• **Task directions**:
Among the entries below, find all lines that include "Series" and copy them.
[Recorded information — start]
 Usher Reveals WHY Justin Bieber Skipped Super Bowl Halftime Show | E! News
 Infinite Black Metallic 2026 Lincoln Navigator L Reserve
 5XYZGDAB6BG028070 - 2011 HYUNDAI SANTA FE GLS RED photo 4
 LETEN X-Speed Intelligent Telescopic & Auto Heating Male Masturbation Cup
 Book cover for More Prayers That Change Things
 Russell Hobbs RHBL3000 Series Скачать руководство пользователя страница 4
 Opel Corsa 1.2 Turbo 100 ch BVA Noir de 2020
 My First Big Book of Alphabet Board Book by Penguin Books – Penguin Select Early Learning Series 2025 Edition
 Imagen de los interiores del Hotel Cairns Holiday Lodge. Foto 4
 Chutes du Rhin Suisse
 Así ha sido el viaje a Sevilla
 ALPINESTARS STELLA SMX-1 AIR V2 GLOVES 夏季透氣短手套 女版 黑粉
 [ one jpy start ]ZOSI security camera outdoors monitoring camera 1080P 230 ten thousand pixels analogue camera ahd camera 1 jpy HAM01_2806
[Recorded information — finish]
• **Reply**:
 Russell Hobbs RHBL3000 Series Скачать руководство пользователя страница 4
 My First Big Book of Alphabet Board Book by Penguin Books – Penguin Select Early Learning Series 2025 Edition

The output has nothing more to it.